Data entries:
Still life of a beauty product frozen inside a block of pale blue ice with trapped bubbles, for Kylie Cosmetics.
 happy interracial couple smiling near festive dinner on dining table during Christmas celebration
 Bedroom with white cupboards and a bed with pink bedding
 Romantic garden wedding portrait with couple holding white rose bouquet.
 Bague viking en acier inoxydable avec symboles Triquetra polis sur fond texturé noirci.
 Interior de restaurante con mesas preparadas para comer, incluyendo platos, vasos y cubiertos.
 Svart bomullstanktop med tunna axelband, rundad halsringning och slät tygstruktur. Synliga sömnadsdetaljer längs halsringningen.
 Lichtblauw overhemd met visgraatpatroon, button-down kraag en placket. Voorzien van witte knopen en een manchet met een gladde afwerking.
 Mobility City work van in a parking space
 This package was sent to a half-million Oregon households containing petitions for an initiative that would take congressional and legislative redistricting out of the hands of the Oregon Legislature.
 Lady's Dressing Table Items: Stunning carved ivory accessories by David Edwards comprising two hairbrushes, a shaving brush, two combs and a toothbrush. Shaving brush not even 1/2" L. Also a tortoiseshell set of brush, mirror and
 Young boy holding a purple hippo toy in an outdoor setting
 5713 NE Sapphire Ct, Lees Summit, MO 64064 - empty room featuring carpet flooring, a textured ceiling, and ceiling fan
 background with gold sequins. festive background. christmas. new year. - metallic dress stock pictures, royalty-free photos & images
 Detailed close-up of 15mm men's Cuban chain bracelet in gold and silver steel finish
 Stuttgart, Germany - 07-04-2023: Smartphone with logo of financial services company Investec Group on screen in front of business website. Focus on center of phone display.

The problem: Please retype, without any change, the line containing "5713 NE Sapphire" and every line after it to the end of the entries above, and only those.

Task solution:
 5713 NE Sapphire Ct, Lees Summit, MO 64064 - empty room featuring carpet flooring, a textured ceiling, and ceiling fan
 background with gold sequins. festive background. christmas. new year. - metallic dress stock pictures, royalty-free photos & images
 Detailed close-up of 15mm men's Cuban chain bracelet in gold and silver steel finish
 Stuttgart, Germany - 07-04-2023: Smartphone with logo of financial services company Investec Group on screen in front of business website. Focus on center of phone display.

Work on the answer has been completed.